He suggested that because no blood spatter pattern has been reported inside the house, the likely struggle took place 'outside by the front door or while she was going through the door.' In his reconstruction, Guthrie either refused to go further or fought back as the attacker tried to force her out.
'This is where she was assaulted,' Clemente said, describing a scenario in which she was probably struck in the nose or mouth, fell to her knees or to the ground, then aspirated and coughed up blood. The droplets clustered in one area, he suggested, fit that sequence.

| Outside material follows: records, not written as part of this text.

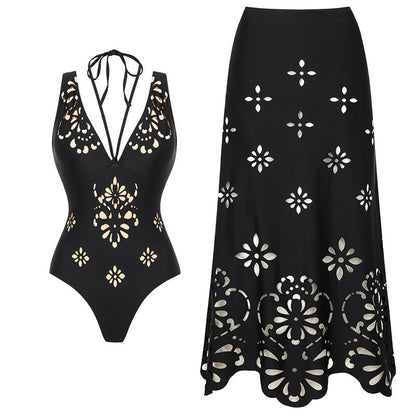 Black Metallic One-Piece Swimsuit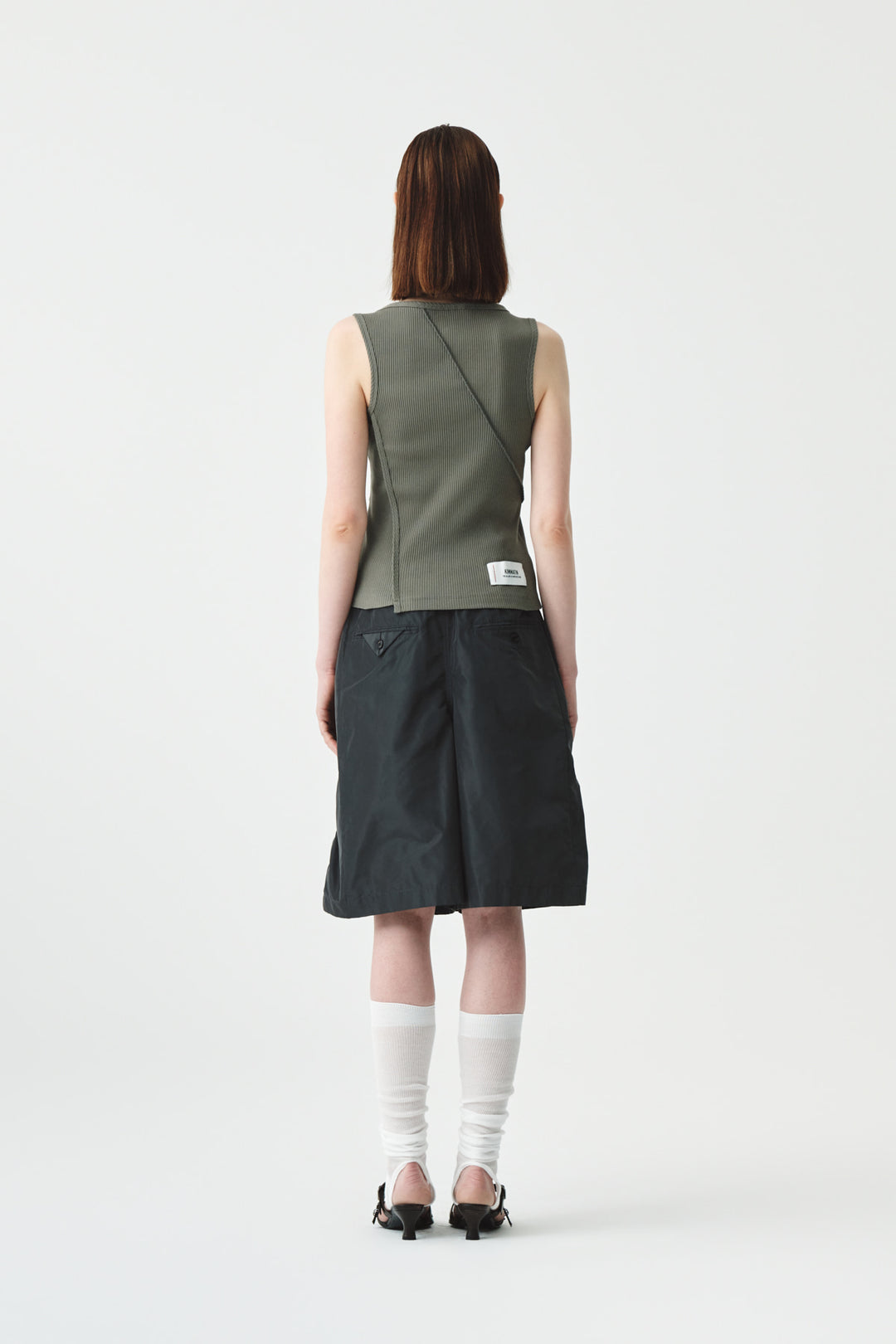 KIMMATIN String Point Banding Wrap Shorts — Charcoal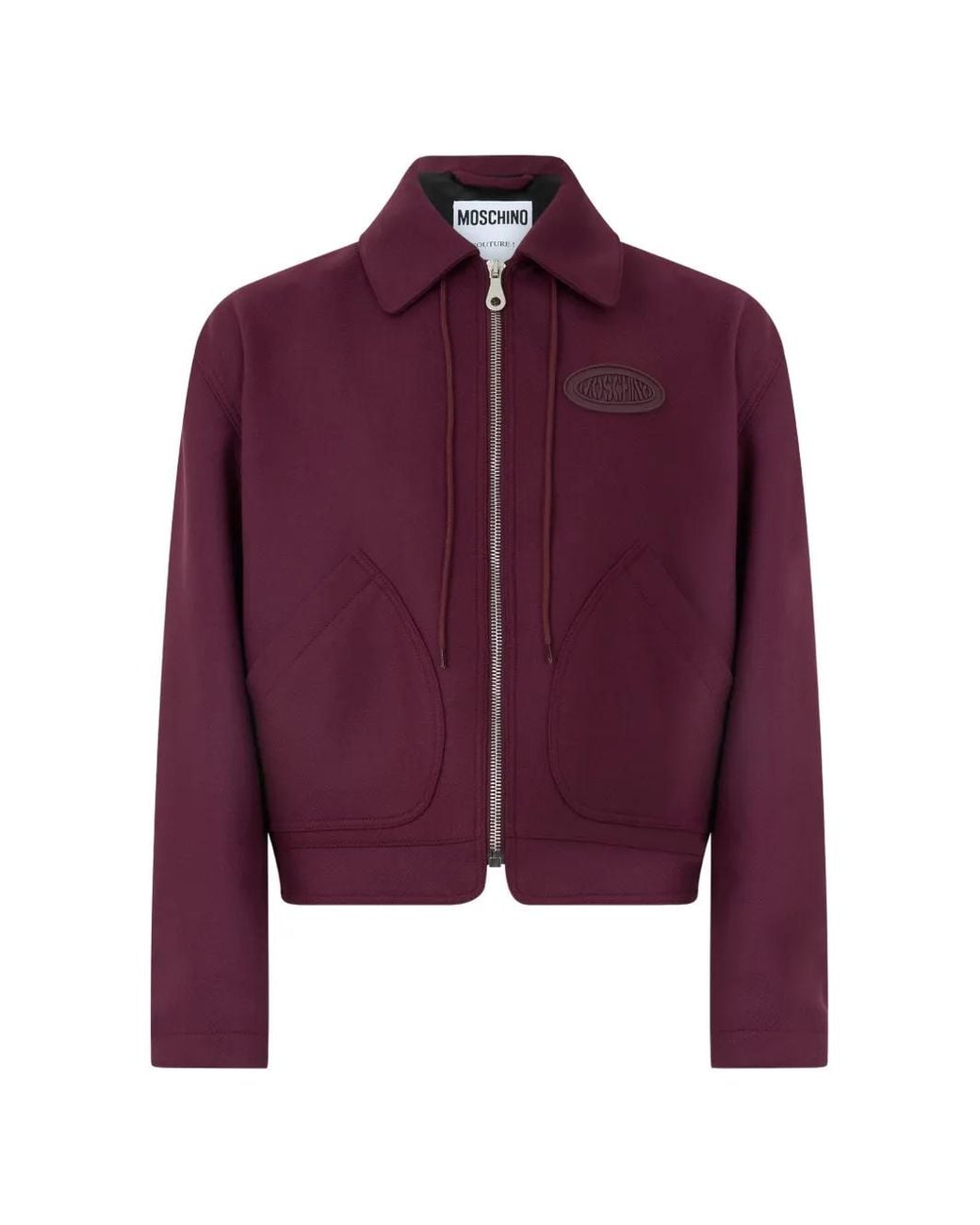 Moschino Purple Cropped Zip-Up Jacket for men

Crucially, Clemente believes that same pattern undermines the idea of two kidnappers. If there had been more than one, he argued, they would have been able to keep Guthrie under firm control as they removed her from the property.
He said the way blood was found on the porch 'rules out more than one person,' adding that 'if two people had control of her as they were leaving the house, she would never have fallen to the ground.' In his view, two attackers could have physically supported her after a blow to the face, preventing a collapse and limiting where blood landed.
'They would have been in control of her body and prevented her from resisting and fighting and falling after she was struck in the face,' Clemente told the outlet, sketching an image of a chaotic, one‑on‑one confrontation rather than an orchestrated team operation.

So far, investigators have not endorsed either interpretation. Police and federal authorities have confirmed the key points only in broad strokes: a masked figure on camera, Guthrie's blood on the porch, an elderly woman gone without trace. They have not said publicly whether they lean towards a lone offender or multiple suspects, nor have they disclosed any forensic or digital evidence that might settle the question.
With no arrest, no recovered body and no definitive timeline of those early‑morning minutes, much of what is being said in public remains informed speculation. Nothing is confirmed yet, so everything should be taken with a grain of salt, however authoritative the voices may sound.
For Guthrie's family and for a neighbourhood still living with the knowledge that someone walked away with an 84‑year‑old woman under cover of darkness, the debate over one attacker or two is academic until it leads back to her front door.